Before today begins, I am taking some quiet time this morning to give thanks, to reflect, to pray and to read in these ways:
1, today’s Gospel reading;
2, a short reflection;
3, a prayer from the USPG prayer diary;
4, the Collects and Post-Communion prayer of the day.
‘If a kingdom is divided against itself, that kingdom cannot stand’ (Mark 3: 24) … confusing road signs in Tsesmes near Rethymnon in Crete (Photograph: Patrick Comerford)
Mark 3: 22-30 (NRSVA):
22 And the scribes who came down from Jerusalem said, ‘He has Beelzebul, and by the ruler of the demons he casts out demons.’ 23 And he called them to him, and spoke to them in parables, ‘How can Satan cast out Satan? 24 If a kingdom is divided against itself, that kingdom cannot stand. 25 And if a house is divided against itself, that house will not be able to stand. 26 And if Satan has risen up against himself and is divided, he cannot stand, but his end has come. 27 But no one can enter a strong man’s house and plunder his property without first tying up the strong man; then indeed the house can be plundered.
28 ‘Truly I tell you, people will be forgiven for their sins and whatever blasphemies they utter; 29 but whoever blasphemes against the Holy Spirit can never have forgiveness, but is guilty of an eternal sin’ – 30 for they had said, ‘He has an unclean spirit.’

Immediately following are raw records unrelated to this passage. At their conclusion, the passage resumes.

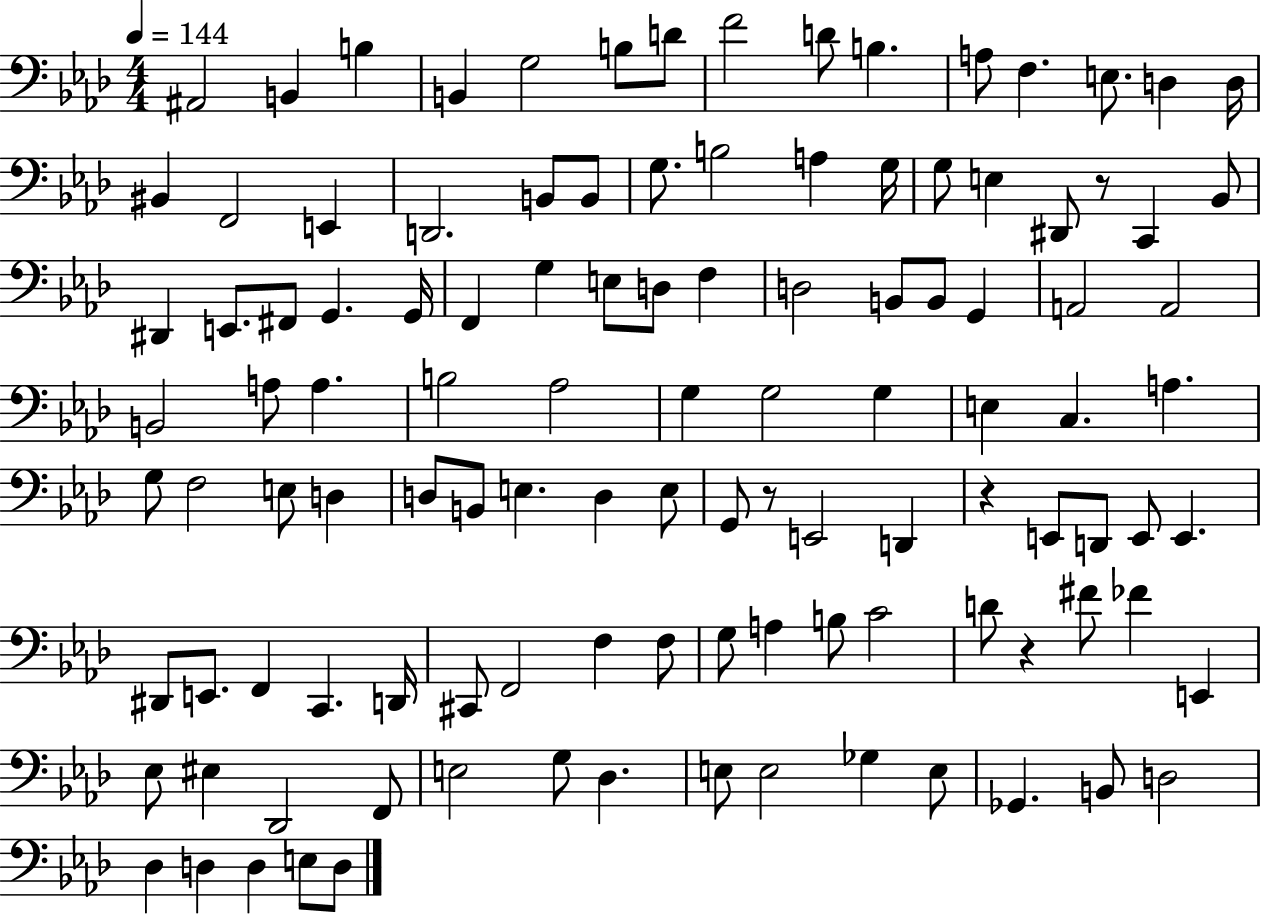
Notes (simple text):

A#2/h B2/q B3/q B2/q G3/h B3/e D4/e F4/h D4/e B3/q. A3/e F3/q. E3/e. D3/q D3/s BIS2/q F2/h E2/q D2/h. B2/e B2/e G3/e. B3/h A3/q G3/s G3/e E3/q D#2/e R/e C2/q Bb2/e D#2/q E2/e. F#2/e G2/q. G2/s F2/q G3/q E3/e D3/e F3/q D3/h B2/e B2/e G2/q A2/h A2/h B2/h A3/e A3/q. B3/h Ab3/h G3/q G3/h G3/q E3/q C3/q. A3/q. G3/e F3/h E3/e D3/q D3/e B2/e E3/q. D3/q E3/e G2/e R/e E2/h D2/q R/q E2/e D2/e E2/e E2/q. D#2/e E2/e. F2/q C2/q. D2/s C#2/e F2/h F3/q F3/e G3/e A3/q B3/e C4/h D4/e R/q F#4/e FES4/q E2/q Eb3/e EIS3/q Db2/h F2/e E3/h G3/e Db3/q. E3/e E3/h Gb3/q E3/e Gb2/q. B2/e D3/h Db3/q D3/q D3/q E3/e D3/e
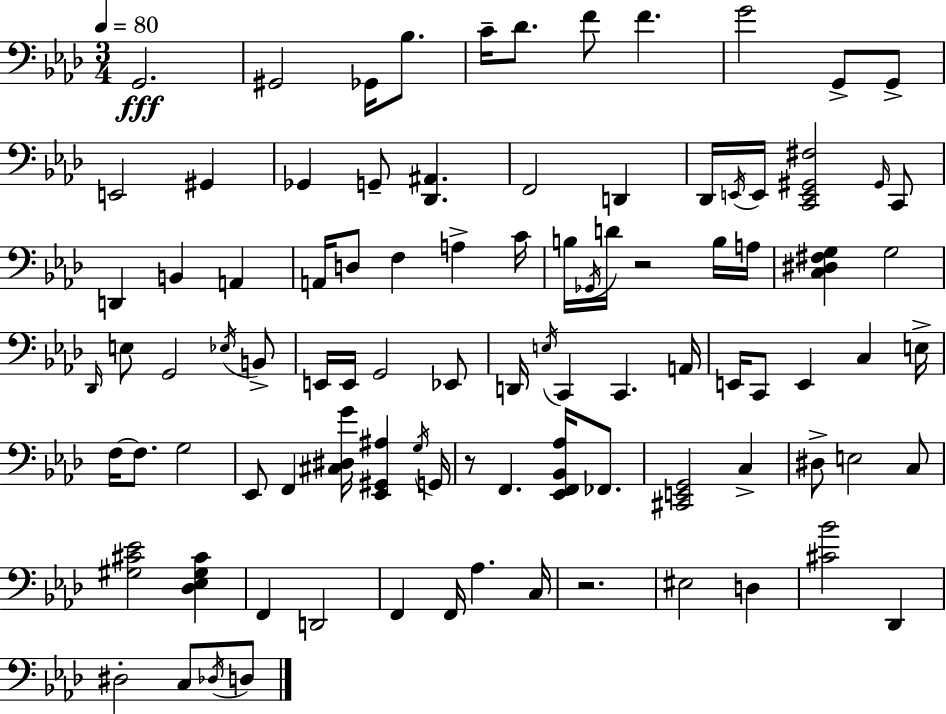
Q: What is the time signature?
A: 3/4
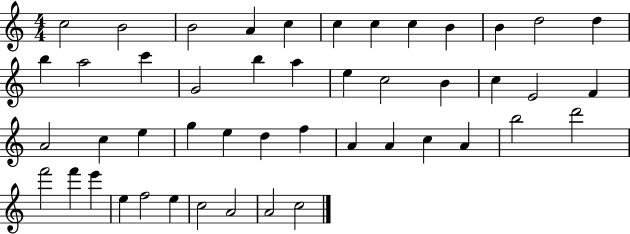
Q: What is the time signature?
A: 4/4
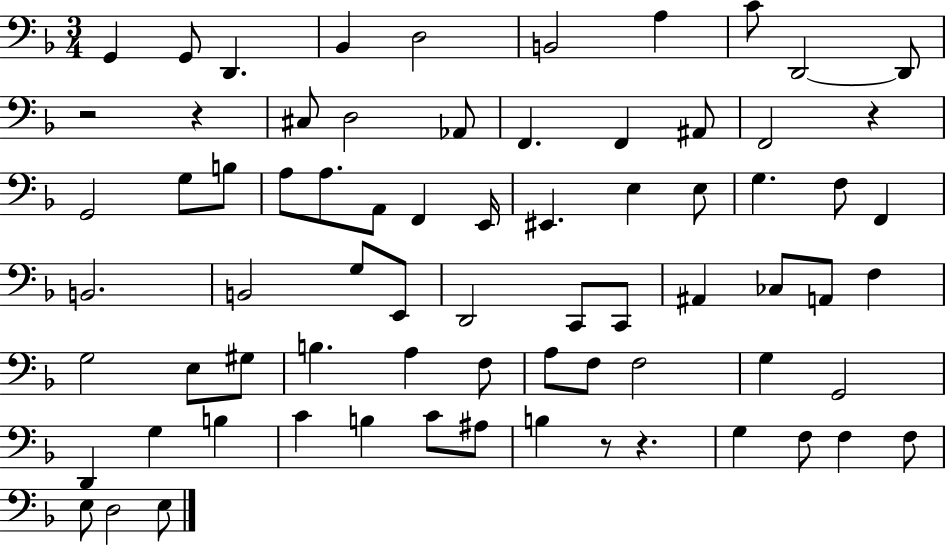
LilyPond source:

{
  \clef bass
  \numericTimeSignature
  \time 3/4
  \key f \major
  \repeat volta 2 { g,4 g,8 d,4. | bes,4 d2 | b,2 a4 | c'8 d,2~~ d,8 | \break r2 r4 | cis8 d2 aes,8 | f,4. f,4 ais,8 | f,2 r4 | \break g,2 g8 b8 | a8 a8. a,8 f,4 e,16 | eis,4. e4 e8 | g4. f8 f,4 | \break b,2. | b,2 g8 e,8 | d,2 c,8 c,8 | ais,4 ces8 a,8 f4 | \break g2 e8 gis8 | b4. a4 f8 | a8 f8 f2 | g4 g,2 | \break d,4 g4 b4 | c'4 b4 c'8 ais8 | b4 r8 r4. | g4 f8 f4 f8 | \break e8 d2 e8 | } \bar "|."
}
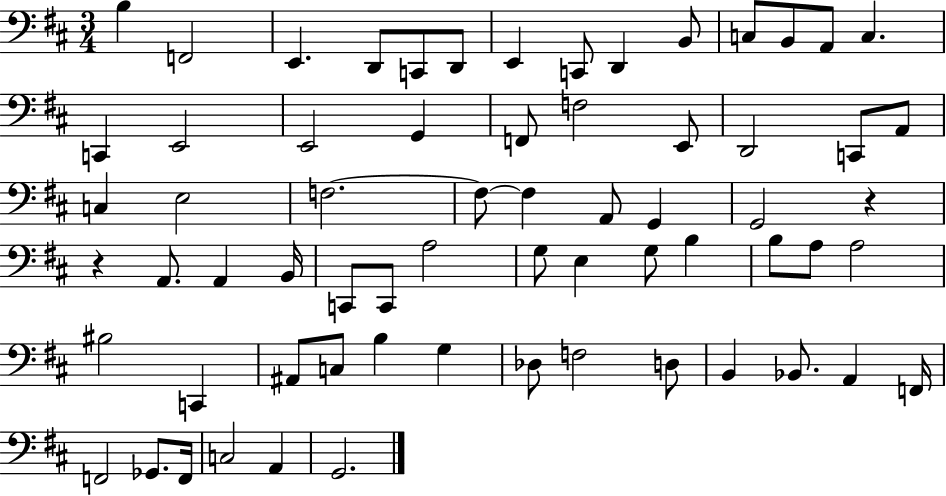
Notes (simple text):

B3/q F2/h E2/q. D2/e C2/e D2/e E2/q C2/e D2/q B2/e C3/e B2/e A2/e C3/q. C2/q E2/h E2/h G2/q F2/e F3/h E2/e D2/h C2/e A2/e C3/q E3/h F3/h. F3/e F3/q A2/e G2/q G2/h R/q R/q A2/e. A2/q B2/s C2/e C2/e A3/h G3/e E3/q G3/e B3/q B3/e A3/e A3/h BIS3/h C2/q A#2/e C3/e B3/q G3/q Db3/e F3/h D3/e B2/q Bb2/e. A2/q F2/s F2/h Gb2/e. F2/s C3/h A2/q G2/h.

‘Time present and time past / Are both perhaps present in time future / And time future contained in time past’ (TS Eliot) … the clock on Rathmines Town Hall depicted in street art on Mountpleasant Avenue (Photograph: Patrick Comerford, 2024)
Today’s Reflection:
TS Eliot’s play Murder in the Cathedral is based on the events leading up to the murder of Thomas Becket, Archbishop of Canterbury, on 29 December 1170.
Becket was murdered at the behest of King Henry II, and the play focuses on Becket’s internal struggles. As he reflects on the martyrdom he faces, his tempters arrive, like Job’s comforters, and they question the archbishop about his plight, echoing in many ways Christ’s temptations in the wilderness.
The first tempter offers Becket the prospect of physical safety. The second tempter offers him power, riches and fame in serving the king so that he can disarm the powerful and help the poor. The third tempter suggests the archbishop should form an alliance with the barons and seize a chance to resist the king.
Finally, the fourth tempter urges Thomas to look to the glory of martyrdom.
Becket responds to all his tempters and specifically addresses the immoral suggestions of the fourth tempter at the end of the first act:
Now is my way clear, now is the meaning plain:
Temptation shall not come in this kind again.
The last temptation is the greatest treason:
To do the right deed for the wrong reason.
Saint Mark’s Gospel is very sparse in its account of the story of Christ’s temptations in the wilderness – just two verses (see Mark 1: 12-13). In the much fuller accounts given by Saint Matthew (Matthew 4: 1-11) and Saint Luke (Luke 4: 1-13), Christ is tempted to do the right things for the wrong reason.
What would be wrong with Christ turning stones into bread (see Matthew 4: 3; Luke 4: 3-4) to feed the hungry?
What would be wrong with Christ showing miraculous powers (see Matthew 4: 3; Luke 4: 9) to point to the majesty of God (see Matthew 4: 4; Luke 4: 10-11)?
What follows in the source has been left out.